Ya han comenzado a entonar el canto nupcial las cigarras, mientras las tormentas nocturnas aplacan la sed de la tierra y anuncian el cálido estío. En agosto, cuando esperemos la llegada de la noche entre palmeras y estrellas, el candidato que más apoyo ha concitado entre los electores quiere dejar de estar en funciones y formar gobierno con mando, aunque sea en minoría. Esta vez, aseguran los áulicos, aceptará el encargo del rey para presentarse a la investidura. Para ello, ha empezado la ronda de contactos con todos los grupos políticos con representación parlamentaria, dispuesto a encajar ahora los denuestos y repudios que no quiso recibir en enero. El tiempo todo lo cambia, dicen. Han pasado siete meses y el escenario es distinto. Rajoy necesita el apoyo del PSOE o al menos su abstención para facilitar su investidura, y está dispuesto a ofrecerle a Sánchez la fórmula de gran coalición o de gobierno paritario. De no ser así, pide su abstención para lograr un acuerdo de mínimos que aporte la necesaria "estabilidad política e institucional" y afronte las tareas urgentes de fijar el techo de gasto de las administraciones, aprobar los presupuestos generales del Estado y cumplir con los compromisos europeos. Como contrapartida, ha anunciado su disponibilidad para abordar por consenso cuantas reformas pretenda, sin olvidar la constitucional, pero tanto Sánchez, como Rivera, Iglesias y el resto llevan en la manga el no por entrada. "Desde las fronteras han venido algunos diciendo que no existen más bárbaros. Y ahora ya sin bárbaros, ¿qué será de nosotros?", dice Cavafis.

Sin duda, todos los presidentes de la democracia han sido reformistas, desde el gran reformador que fue Adolfo Suárez, hasta Rodríguez Zapatero, José M.ª Aznar, Felipe González e incluso Calvo Sotelo, durante cuyo mandato se aprobó la tan esperada Ley del Divorcio. El único que hasta ayer hizo de la reforma el antónimo de la estabilidad y la certidumbre ha sido Rajoy, a pesar de haber aprobado reformas como la laboral y la de educación -de tanta contestación social-, y de dar el apoyo parlamentario a Rodríguez Zapatero en 2011 para la reforma constitucional que limitaba el déficit público, sin consulta a la ciudadanía. Muchas han sido, pues, las reformas que se han aprobado durante todos estos años de andadura democrática, pero ninguna abordó la menor enmienda del marco jurídico que permitiera a los ciudadanos un mayor control sobre la selección de los gobernantes y sus decisiones.

Inevitable peaje de la Transición, a los partidos políticos se les concedió de facto -que no de jure- el monopolio de la representación política, exigiéndoles a cambio la condición de ser "democráticos en su organización y funcionamiento", para de este modo encauzar las demandas políticas de los ciudadanos y permitir su participación en los asuntos públicos.
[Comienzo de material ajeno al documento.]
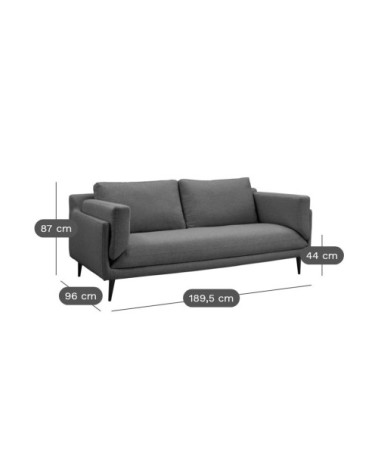 Canapé tissu recyclé 2 places anthracite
Sin embargo, ni en la Constitución ni en la Ley de Partidos se explicita el significado de esa obvia condición. Así, mientras unos creen que la cooptación es un método de selección democrático, otros piensan que las primarias de un único candidato también lo son. "Ha triunfado la democracia -proclamó Susana Díaz al ser elegida secretaria regional de los socialistas andaluces-. No hemos tenido que votar". Ni en la citada ley, ni en el artículo 6.º de la Constitución, se mencionan la ineludible competencia electoral, la libertad pasiva y activa del elector o la igualdad del valor de su voto, requisitos imprescindibles para que su funcionamiento tenga, al menos, formalidad democrática. El resultado es que nuestros partidos políticos han devenido en organizaciones endogámicas en las que los cargos y las candidaturas se deciden en los despachos y no en las urnas, propiciando de este modo el nepotismo, el clientelismo y la corrupción.

Podremos cambiar la ley electoral para que sea más proporcional, mejorar los sistema de selección de los miembros de la judicatura para aumentar su grado de independencia o permitir una mayor libertad de elección del elector al abrir las listas electorales y desbloquearlas; pero si no logramos que los partidos políticos se ciñan al procedimiento democrático en la selección de sus dirigentes, poco habremos avanzado. Porque si difícil es que quien fue elegido por un método no democrático gestione los asuntos comunes con un talante que sí lo es, más aún será que respete sus propias promesas y trate de satisfacer las expectativas y demandas de los electores.